[PATCH 01/20] x86/tdx: Introduce tdvmcall_trampoline()

Kirill A. Shutemov posted 20 patches 1 year, 8 months ago
[PATCH 01/20] x86/tdx: Introduce tdvmcall_trampoline()
Posted by Kirill A. Shutemov 1 year, 8 months ago
TDCALL calls are centralized into a few megawrappers that take the
struct tdx_module_args as input.
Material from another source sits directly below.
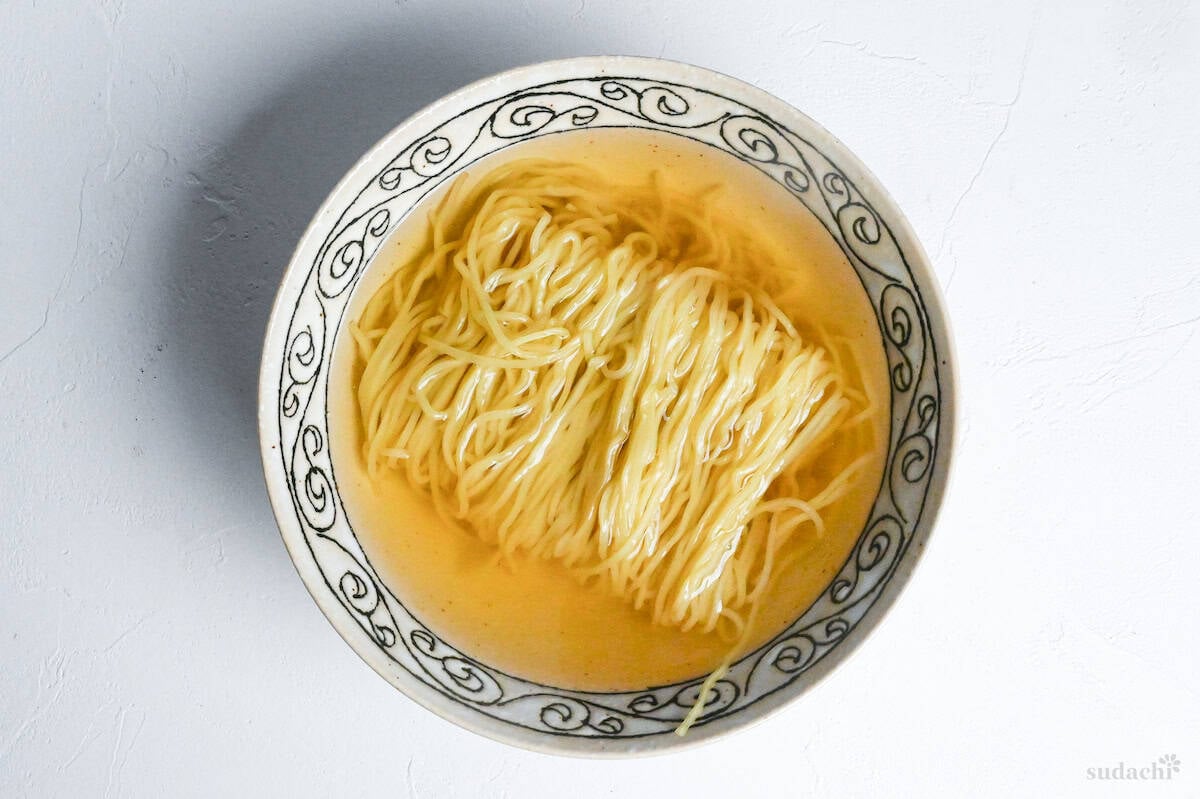 Ramen noodles in homemade shio broth in a cream bowl with black patterned rim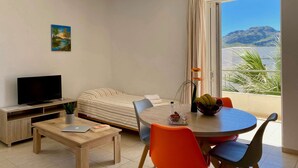 A modern room with a bed, a TV, a dining table with chairs, and a balcony with a view of the sea and mountains. - Manolis Apartments (Agios Vasileios)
Most of the call sites only use a few
arguments, but they have to zero out unused fields in the structure to
avoid data leaks to the VMM. This leads to the compiler generating
inefficient code: dozens of instructions per call site to clear unused
fields of the structure.

This issue can be avoided by using more targeted wrappers.
tdvmcall_trampoline() provides a common base for them.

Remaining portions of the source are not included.